Quante volte hai cercato di ricordare un nome e non ti veniva in mente? O hai invece "visto" per un attimo un'immagine dopo averla guardata soltanto un istante? Questo accade perché nel nostro cervello non esiste un unico tipo di memoria, ma tre sistemi distinti che lavorano insieme.

Già negli anni Sessanta, i ricercatori Atkinson e Shiffrin proposero un modello fondamentale che spiega come funziona la memoria umana. Secondo questa teoria, ci sono tre livelli principali: la memoria sensoriale, la memoria a breve termine e la memoria a lungo termine.

La memoria sensoriale è come una fotografia molto breve della realtà: registra ciò che vediamo, sentiamo o tocchiamo per pochi istanti. È rapidissima, ma dura meno di un secondo. Pensa a quando lampeggia un flash: l’immagine rimane impressa per un attimo, poi svanisce.

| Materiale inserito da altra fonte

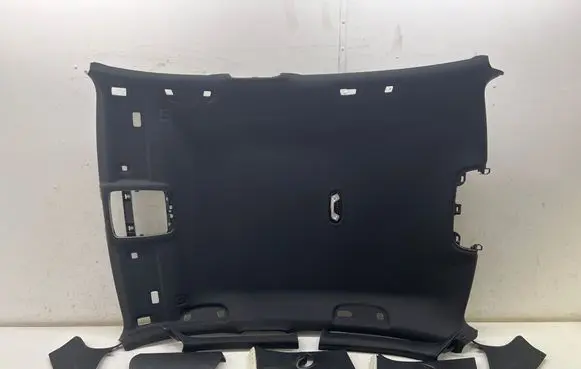 BMW 3 G20 G21 Headlining set 8079196 7433245 7433241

Quel poco che riesce a colpire la nostra attenzione passa alla memoria a breve termine, che trattiene informazioni per circa 15-30 secondi, a meno che non le ripetiamo. È quella che usiamo quando cerchiamo di ricordare un numero di telefono prima di digitare le cifre.

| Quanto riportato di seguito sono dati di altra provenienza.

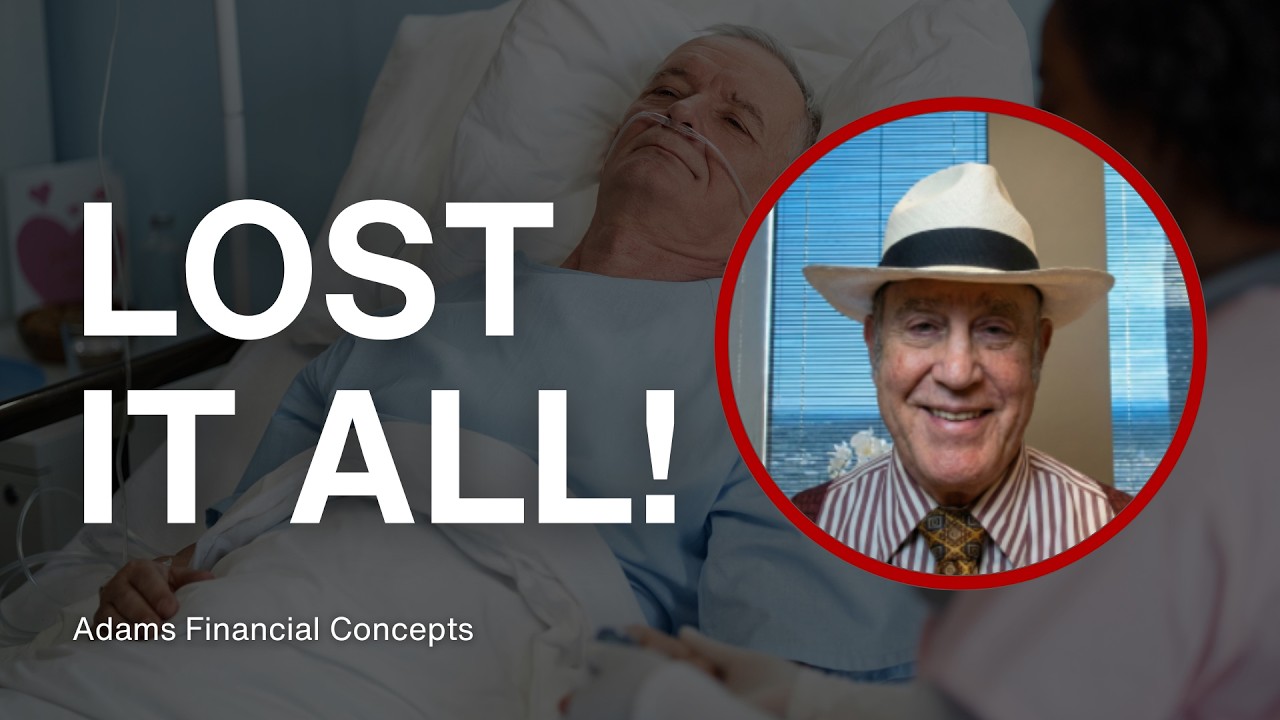 The $20 Attack That Changed Everything — Are You One Event Away From Losing It All?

Infine, se un’informazione è importante o viene ripetuta, si trasferisce nella memoria a lungo termine, dove può rimanere per anni, a volte per tutta la vita. È qui che conserviamo nomi di persone, eventi importanti, canzoni preferite.

Capire questi tre passaggi aiuta non solo a studiare meglio, ma anche a comprendere come il nostro cervello seleziona, conserva e recupera ciò che ci circonda ogni giorno.